_DATA TO USE_
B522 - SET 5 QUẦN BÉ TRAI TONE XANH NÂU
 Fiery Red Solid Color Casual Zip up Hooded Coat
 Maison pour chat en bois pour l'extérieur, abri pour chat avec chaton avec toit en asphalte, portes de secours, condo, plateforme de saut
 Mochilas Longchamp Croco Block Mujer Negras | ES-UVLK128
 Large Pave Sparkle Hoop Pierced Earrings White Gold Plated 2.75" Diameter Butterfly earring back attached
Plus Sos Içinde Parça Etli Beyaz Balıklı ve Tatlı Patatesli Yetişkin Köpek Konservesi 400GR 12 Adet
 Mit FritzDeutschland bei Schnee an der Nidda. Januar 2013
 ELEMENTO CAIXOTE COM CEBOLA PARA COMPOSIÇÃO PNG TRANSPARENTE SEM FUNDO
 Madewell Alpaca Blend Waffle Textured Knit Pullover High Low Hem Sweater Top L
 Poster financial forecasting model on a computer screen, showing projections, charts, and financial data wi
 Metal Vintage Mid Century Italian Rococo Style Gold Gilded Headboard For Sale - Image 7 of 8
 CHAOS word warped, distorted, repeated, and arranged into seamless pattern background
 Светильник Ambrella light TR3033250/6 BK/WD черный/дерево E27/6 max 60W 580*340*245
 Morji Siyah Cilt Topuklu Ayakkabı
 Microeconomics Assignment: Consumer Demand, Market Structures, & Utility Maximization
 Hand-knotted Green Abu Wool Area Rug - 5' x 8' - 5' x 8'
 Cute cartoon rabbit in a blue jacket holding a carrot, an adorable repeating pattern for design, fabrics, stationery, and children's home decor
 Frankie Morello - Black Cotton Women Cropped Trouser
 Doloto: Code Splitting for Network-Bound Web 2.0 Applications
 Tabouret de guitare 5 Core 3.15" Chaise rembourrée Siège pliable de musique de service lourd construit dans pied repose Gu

_TASK DETAILS_
Once more, print all the records exactly.

_RESPONSE_
B522 - SET 5 QUẦN BÉ TRAI TONE XANH NÂU
 Fiery Red Solid Color Casual Zip up Hooded Coat
 Maison pour chat en bois pour l'extérieur, abri pour chat avec chaton avec toit en asphalte, portes de secours, condo, plateforme de saut
 Mochilas Longchamp Croco Block Mujer Negras | ES-UVLK128
 Large Pave Sparkle Hoop Pierced Earrings White Gold Plated 2.75" Diameter Butterfly earring back attached
Plus Sos Içinde Parça Etli Beyaz Balıklı ve Tatlı Patatesli Yetişkin Köpek Konservesi 400GR 12 Adet
 Mit FritzDeutschland bei Schnee an der Nidda. Januar 2013
 ELEMENTO CAIXOTE COM CEBOLA PARA COMPOSIÇÃO PNG TRANSPARENTE SEM FUNDO
 Madewell Alpaca Blend Waffle Textured Knit Pullover High Low Hem Sweater Top L
 Poster financial forecasting model on a computer screen, showing projections, charts, and financial data wi
 Metal Vintage Mid Century Italian Rococo Style Gold Gilded Headboard For Sale - Image 7 of 8
 CHAOS word warped, distorted, repeated, and arranged into seamless pattern background
 Светильник Ambrella light TR3033250/6 BK/WD черный/дерево E27/6 max 60W 580*340*245
 Morji Siyah Cilt Topuklu Ayakkabı
 Microeconomics Assignment: Consumer Demand, Market Structures, & Utility Maximization
 Hand-knotted Green Abu Wool Area Rug - 5' x 8' - 5' x 8'
 Cute cartoon rabbit in a blue jacket holding a carrot, an adorable repeating pattern for design, fabrics, stationery, and children's home decor
 Frankie Morello - Black Cotton Women Cropped Trouser
 Doloto: Code Splitting for Network-Bound Web 2.0 Applications
 Tabouret de guitare 5 Core 3.15" Chaise rembourrée Siège pliable de musique de service lourd construit dans pied repose Gu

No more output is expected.